Without the images, output every record exactly as it appears.

==== Records provided

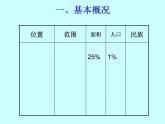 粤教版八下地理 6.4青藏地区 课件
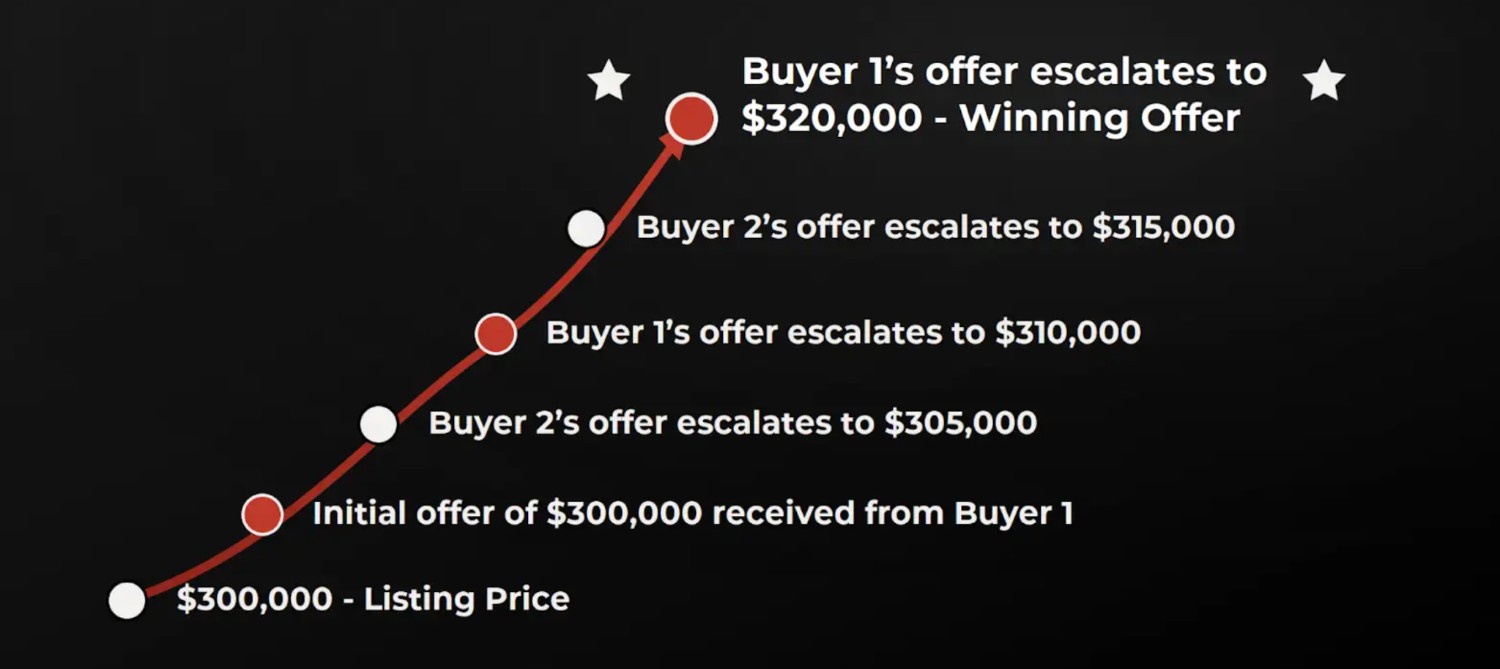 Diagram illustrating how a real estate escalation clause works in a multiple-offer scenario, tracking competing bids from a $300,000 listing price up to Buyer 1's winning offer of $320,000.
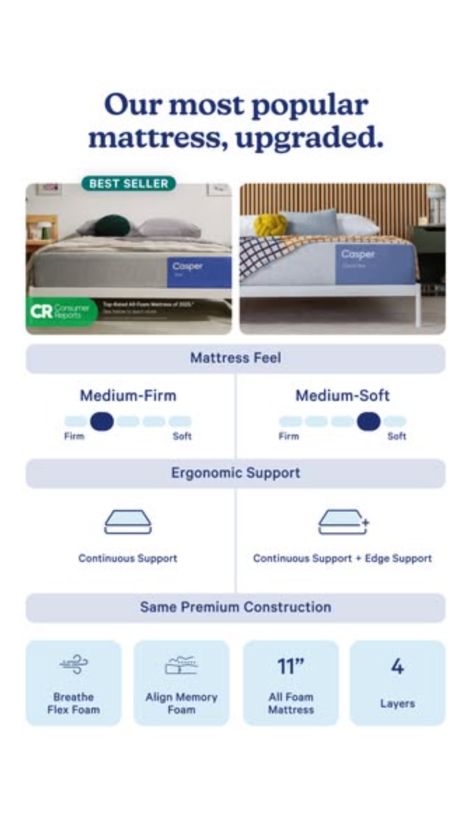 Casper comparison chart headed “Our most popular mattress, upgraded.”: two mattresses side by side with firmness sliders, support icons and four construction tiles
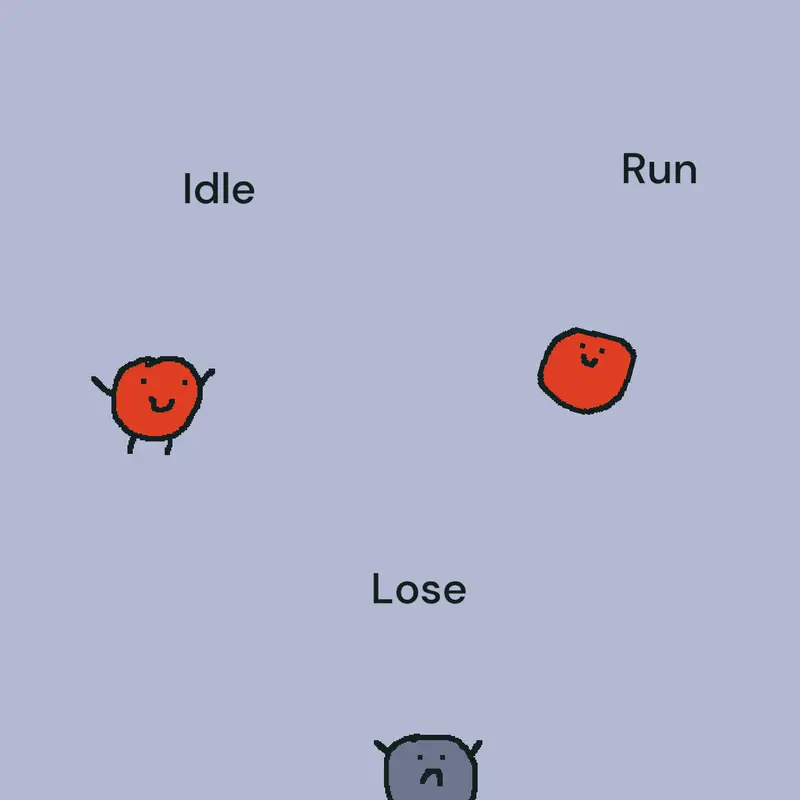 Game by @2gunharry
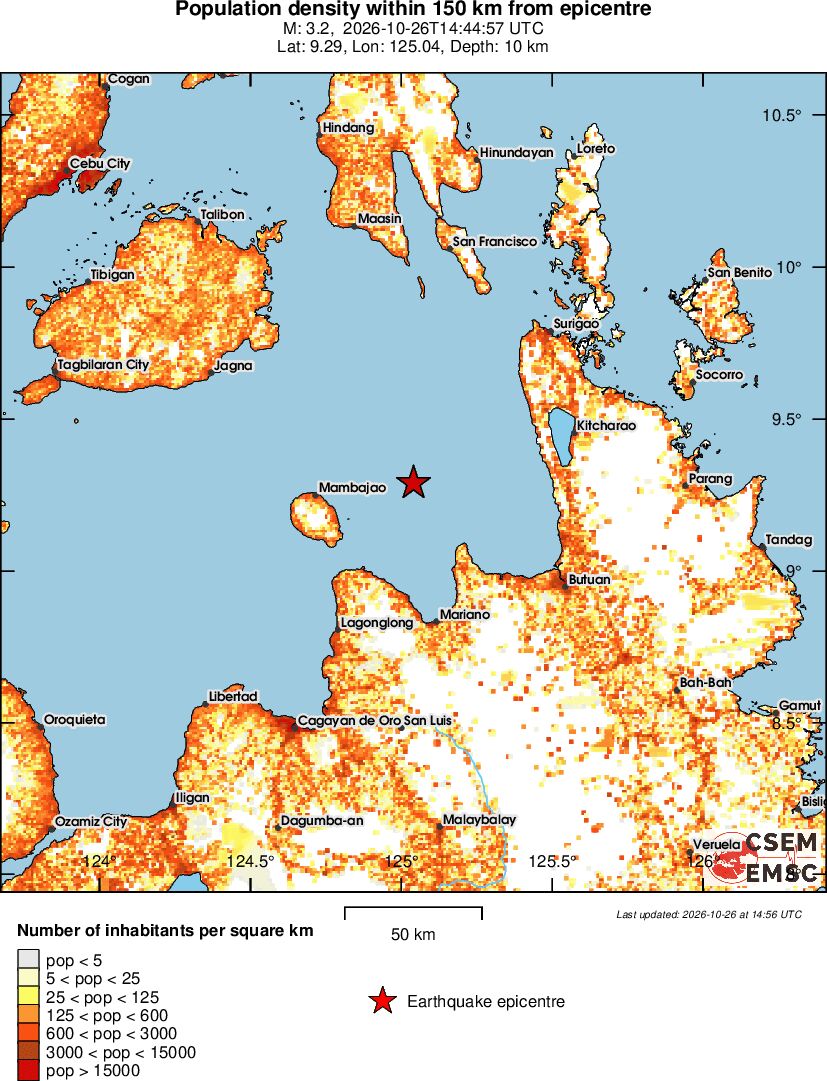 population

========

## Written response:
 粤教版八下地理 6.4青藏地区 课件
 Diagram illustrating how a real estate escalation clause works in a multiple-offer scenario, tracking competing bids from a $300,000 listing price up to Buyer 1's winning offer of $320,000.
 Casper comparison chart headed “Our most popular mattress, upgraded.”: two mattresses side by side with firmness sliders, support icons and four construction tiles
 Game by @2gunharry
 population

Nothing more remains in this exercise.